◆ EXERCISE BRIEF ◆
Skip the images and print the listing exactly.

◆ SOURCE MATERIAL ◆
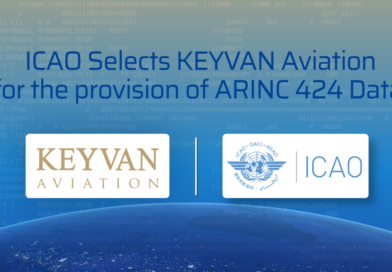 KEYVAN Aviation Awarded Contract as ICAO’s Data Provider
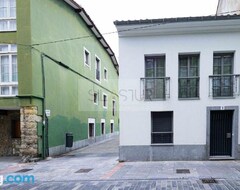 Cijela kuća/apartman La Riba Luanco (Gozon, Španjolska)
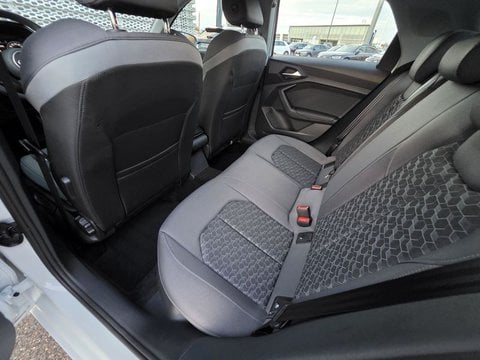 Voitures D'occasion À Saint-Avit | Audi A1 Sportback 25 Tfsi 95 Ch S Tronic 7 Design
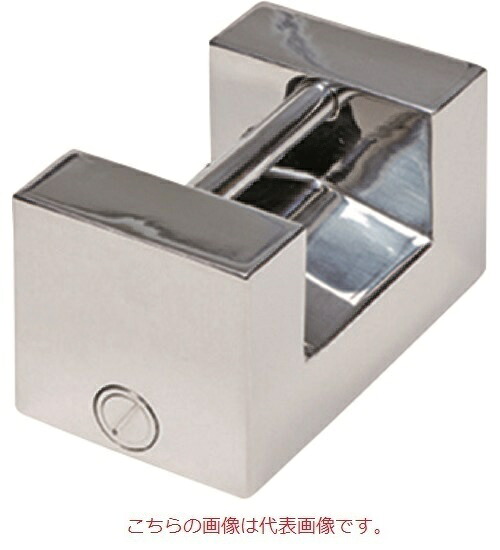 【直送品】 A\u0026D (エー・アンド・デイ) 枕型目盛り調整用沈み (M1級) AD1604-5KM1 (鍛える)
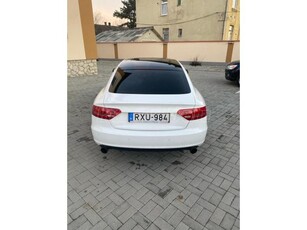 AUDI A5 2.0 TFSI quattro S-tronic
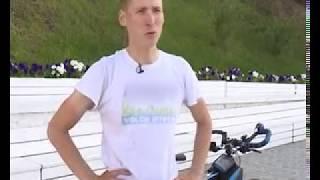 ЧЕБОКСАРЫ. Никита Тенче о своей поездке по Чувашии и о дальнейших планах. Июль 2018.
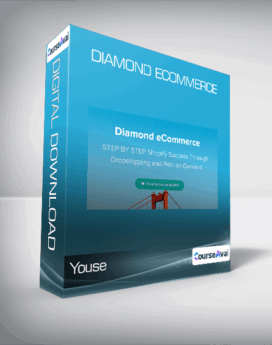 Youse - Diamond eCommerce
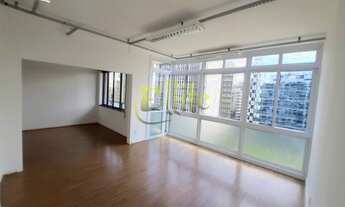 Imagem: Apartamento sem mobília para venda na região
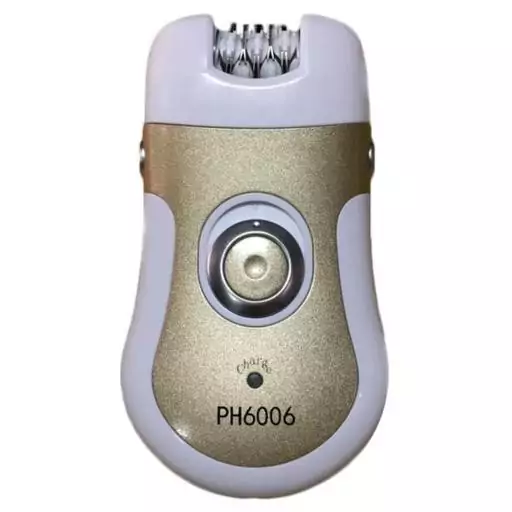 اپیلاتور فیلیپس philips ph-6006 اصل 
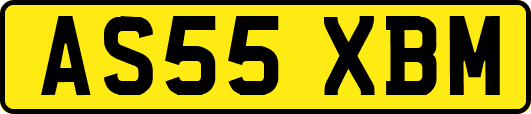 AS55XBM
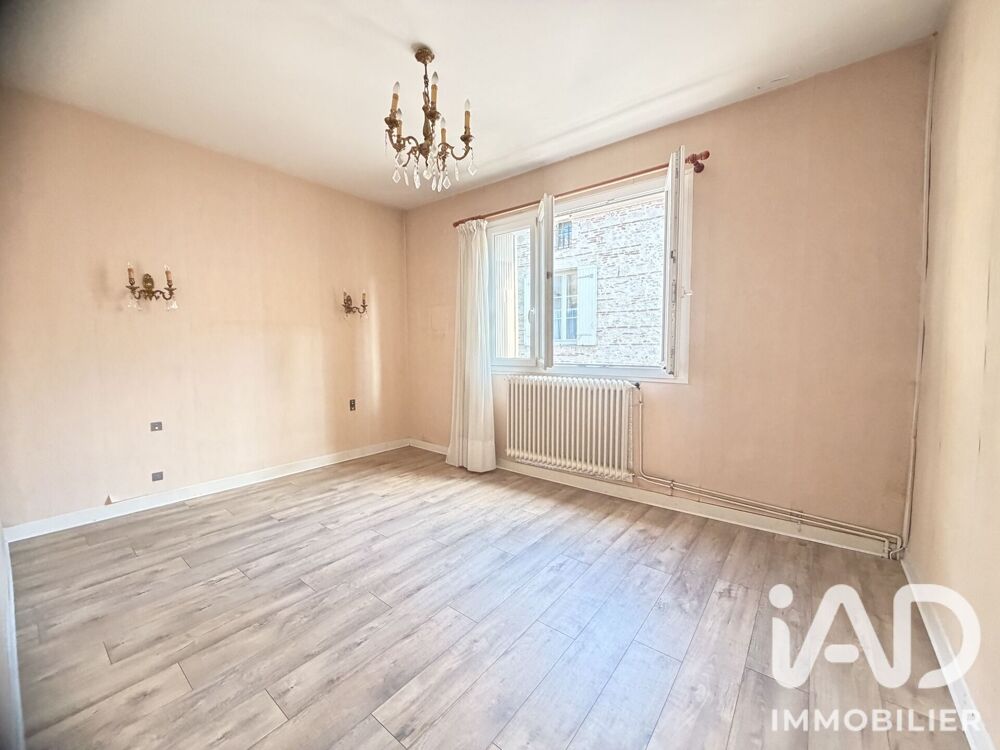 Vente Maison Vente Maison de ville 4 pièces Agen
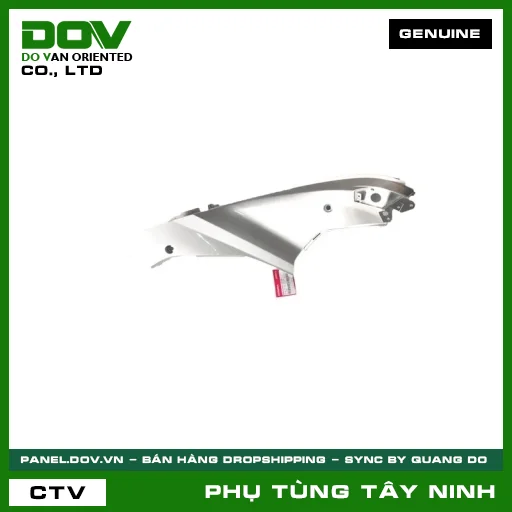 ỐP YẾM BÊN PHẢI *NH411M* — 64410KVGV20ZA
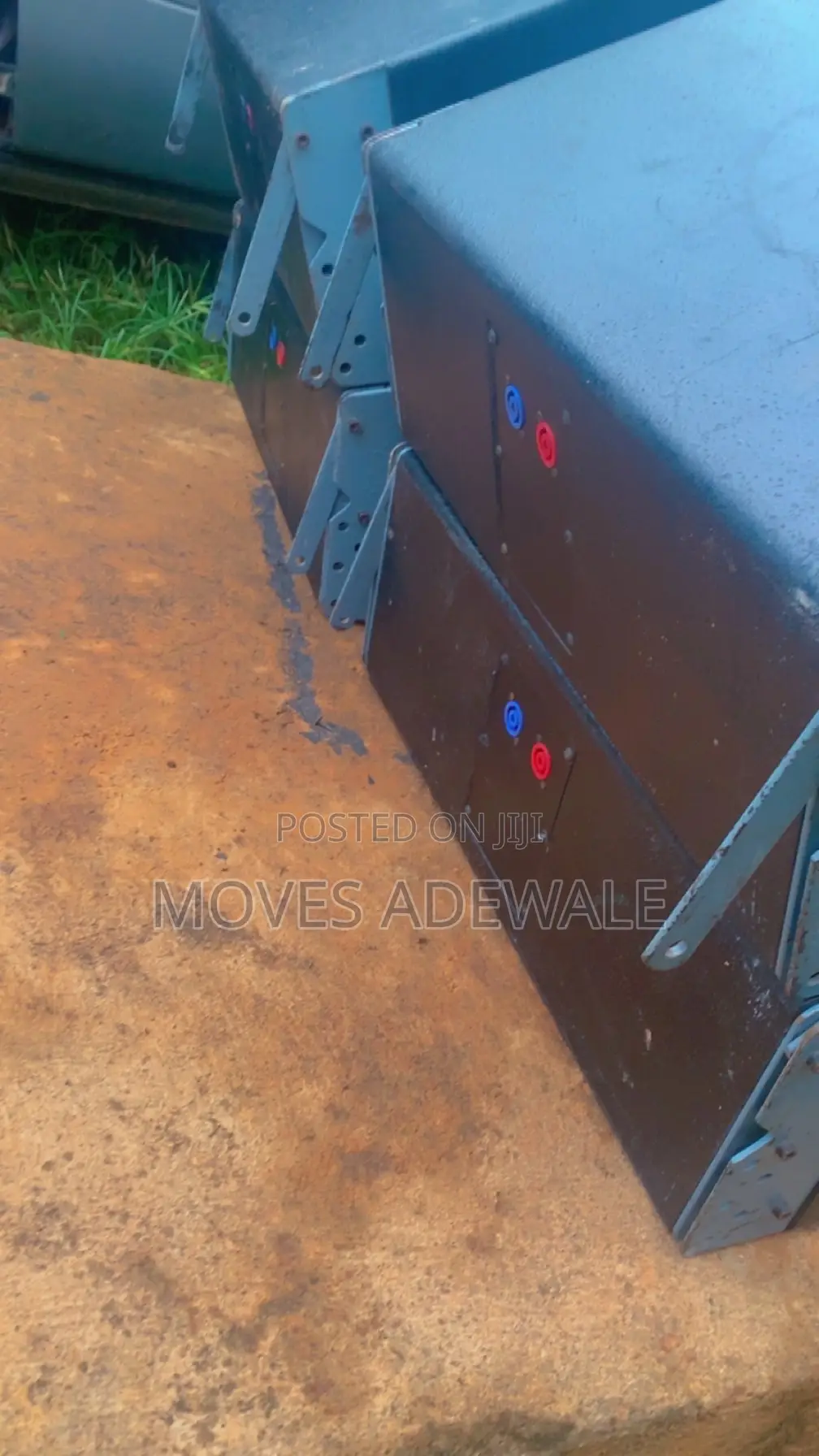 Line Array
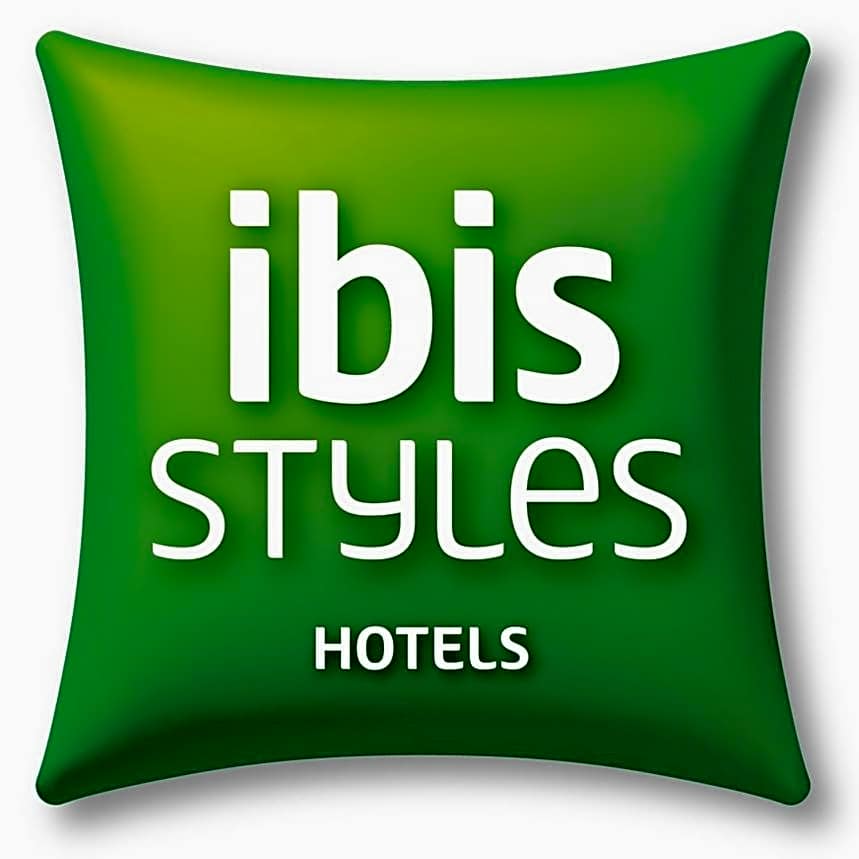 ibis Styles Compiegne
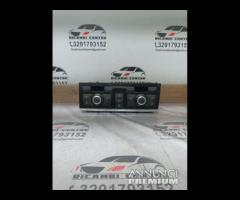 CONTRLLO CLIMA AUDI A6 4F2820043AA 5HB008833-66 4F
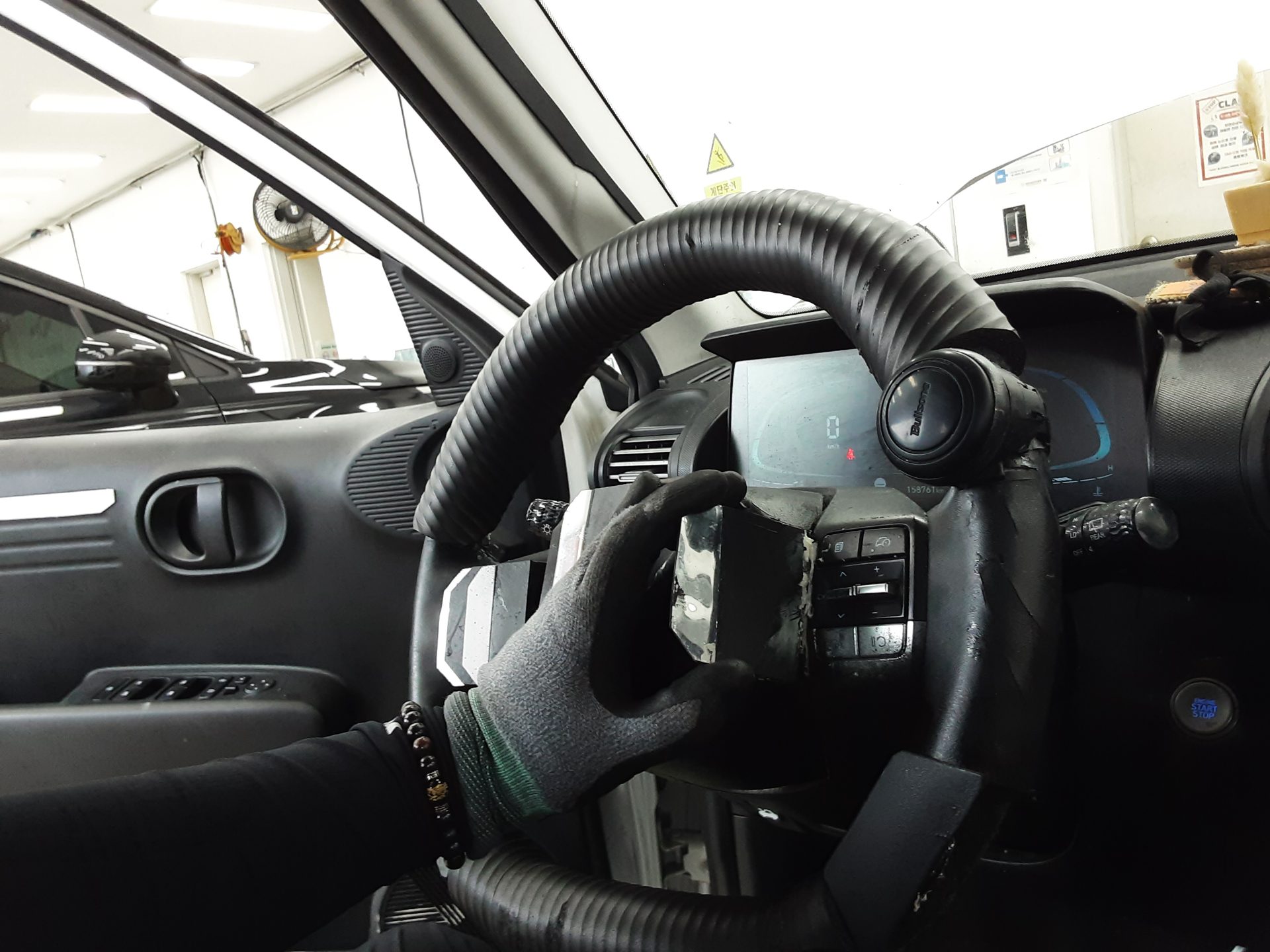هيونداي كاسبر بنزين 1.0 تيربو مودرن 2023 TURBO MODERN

◆ SOLUTION TO THIS TASK ◆
 KEYVAN Aviation Awarded Contract as ICAO’s Data Provider
 Cijela kuća/apartman La Riba Luanco (Gozon, Španjolska)
 Voitures D'occasion À Saint-Avit | Audi A1 Sportback 25 Tfsi 95 Ch S Tronic 7 Design
 【直送品】 A\u0026D (エー・アンド・デイ) 枕型目盛り調整用沈み (M1級) AD1604-5KM1 (鍛える)
 AUDI A5 2.0 TFSI quattro S-tronic
 ЧЕБОКСАРЫ. Никита Тенче о своей поездке по Чувашии и о дальнейших планах. Июль 2018.
 Youse - Diamond eCommerce
 Imagem: Apartamento sem mobília para venda na região
 اپیلاتور فیلیپس philips ph-6006 اصل 
 AS55XBM
 Vente Maison Vente Maison de ville 4 pièces Agen
 ỐP YẾM BÊN PHẢI *NH411M* — 64410KVGV20ZA
 Line Array
 ibis Styles Compiegne
 CONTRLLO CLIMA AUDI A6 4F2820043AA 5HB008833-66 4F
هيونداي كاسبر بنزين 1.0 تيربو مودرن 2023 TURBO MODERN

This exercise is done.